[Action item] From the line containing "PRETTYGARDEN Going Out" through the last line of the records below, output every line exactly as it appears, but leave out the pictures.

Recorded data
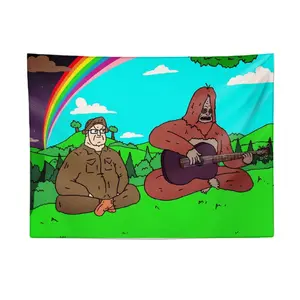 2D Flat, 2D Flat - 2D Flat, 2D Flat - 2D Flat, Top Choice Big Lez Show Cartoon Tapestry Design Printed Wall Hanging, Ideal for Bedroom And Living Room Decoration, Polyester Artwork Suitable for Room Adornment, Includes Hooks Y2K Indie Room Decor Wall Tape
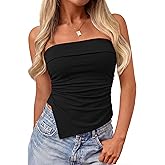 PRETTYGARDEN Going Out Tube Tops for Women Trendy Summer 2026 Asymmetrical Ruched Strapless Bandeau Shirts Spring Clothes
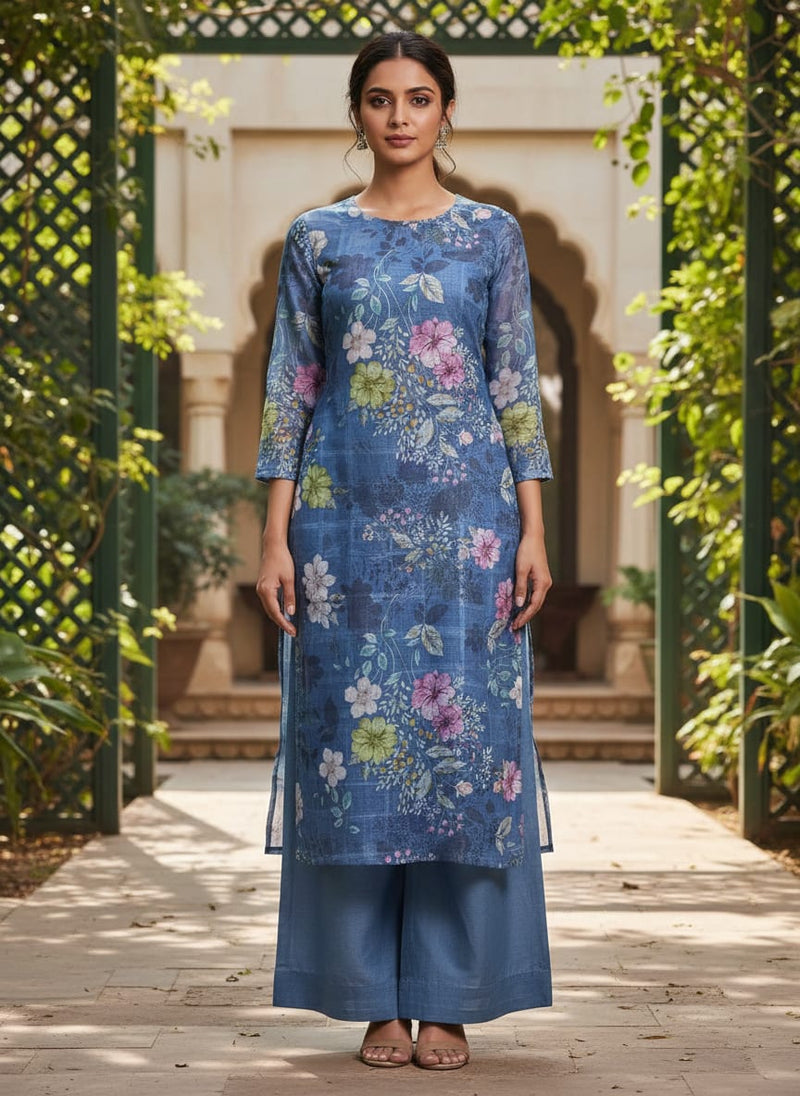 Gorgeous Multicolor Floral Linen Fabric with Intricate Leaf Design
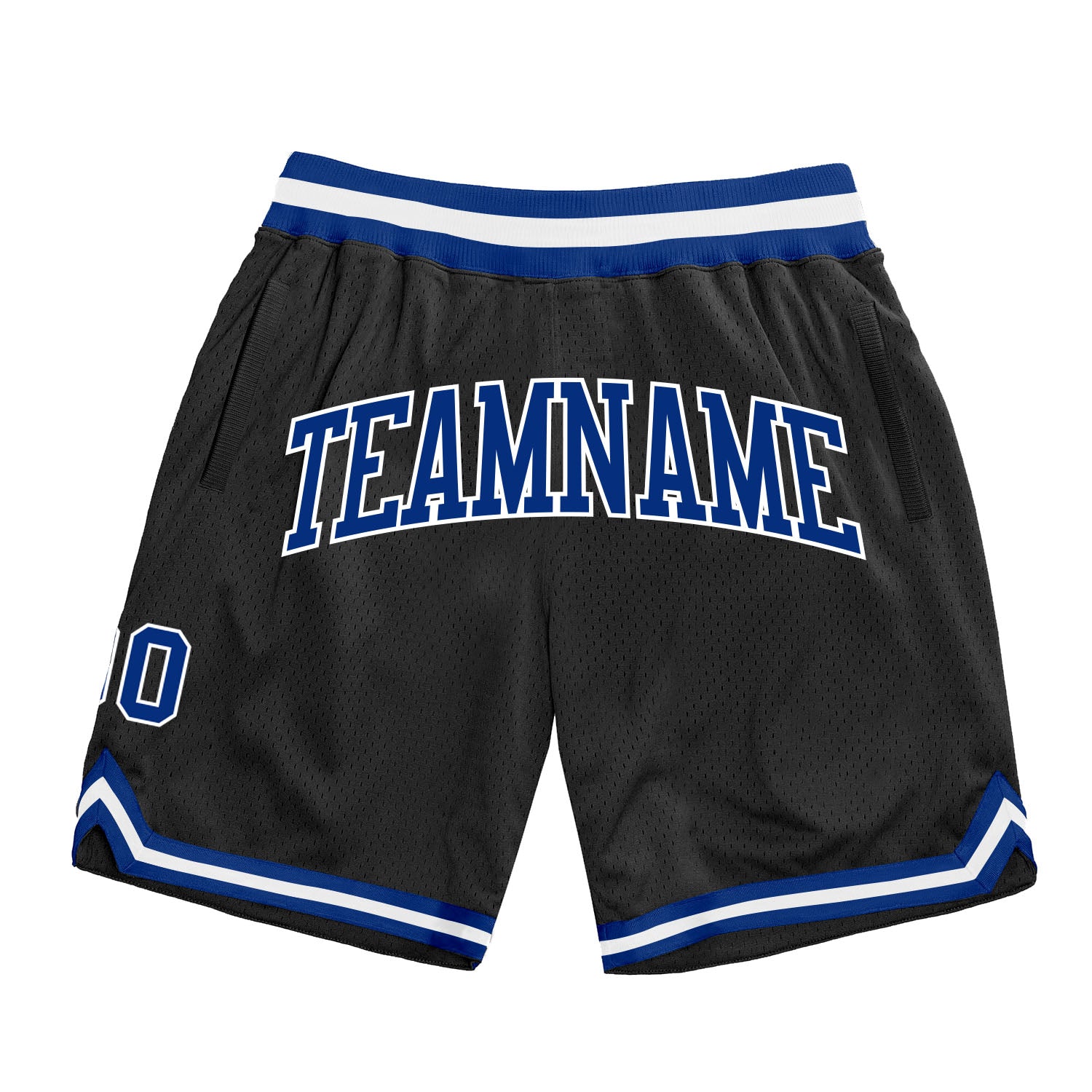 Custom Personalized Throwback Basketball Shorts with Team Name & Number - Black Royal-White Personalized Black Royal-White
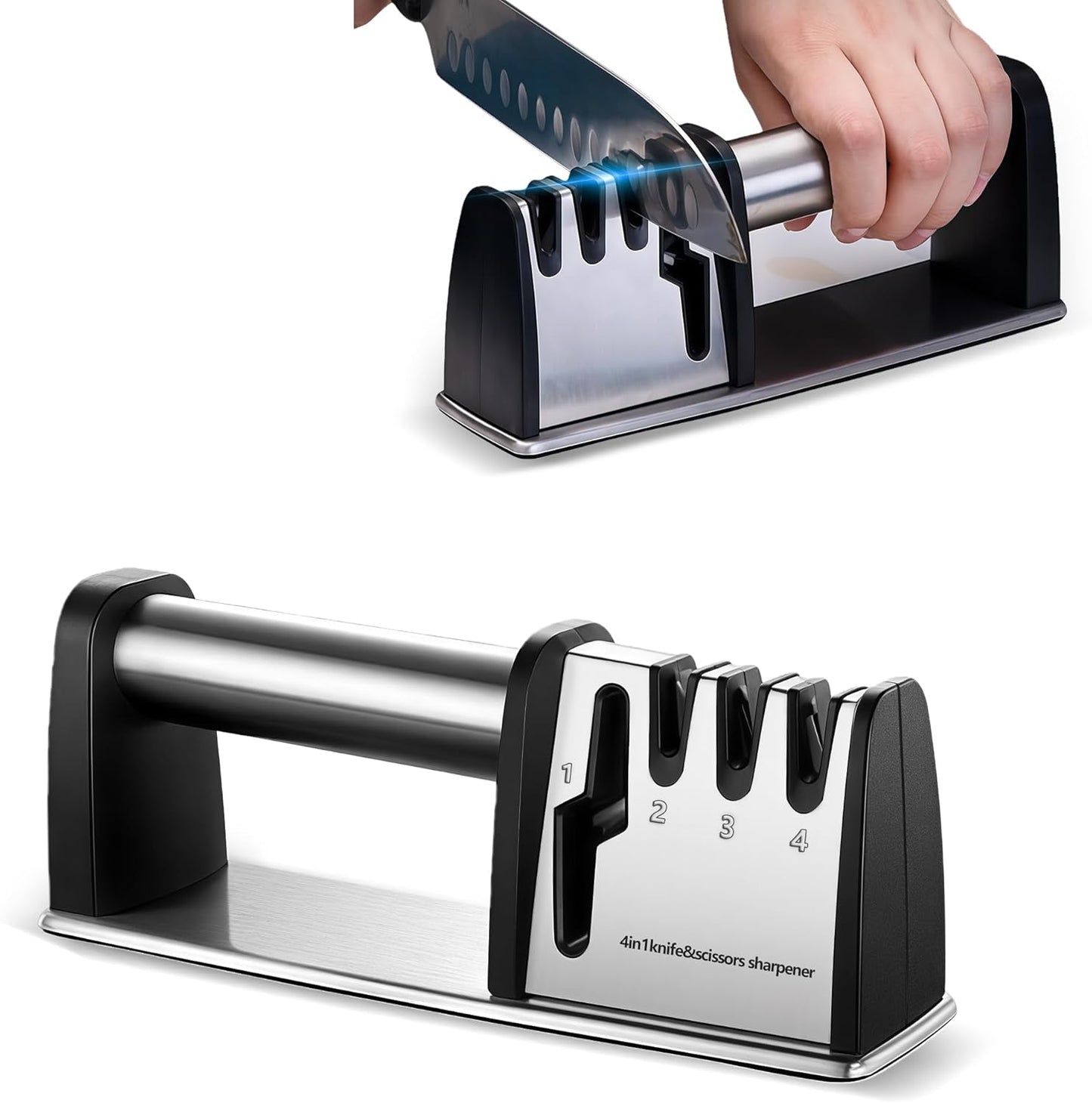 Knife Sharpeners, 4 in 1 Professional Chef's Kitchen Knife Accessories, Kitchen Blade & Scissors Sharpening Tool, Versatile Manual Knife Sharpener, Easy to Use, for Kitchen Knife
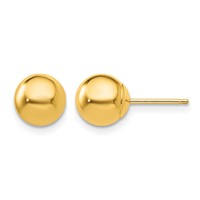 10K Yellow Gold Polished 7mm Ball Post Earrings view 1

[Output of the task]
 PRETTYGARDEN Going Out Tube Tops for Women Trendy Summer 2026 Asymmetrical Ruched Strapless Bandeau Shirts Spring Clothes
 Gorgeous Multicolor Floral Linen Fabric with Intricate Leaf Design
 Custom Personalized Throwback Basketball Shorts with Team Name & Number - Black Royal-White Personalized Black Royal-White
 Knife Sharpeners, 4 in 1 Professional Chef's Kitchen Knife Accessories, Kitchen Blade & Scissors Sharpening Tool, Versatile Manual Knife Sharpener, Easy to Use, for Kitchen Knife
 10K Yellow Gold Polished 7mm Ball Post Earrings view 1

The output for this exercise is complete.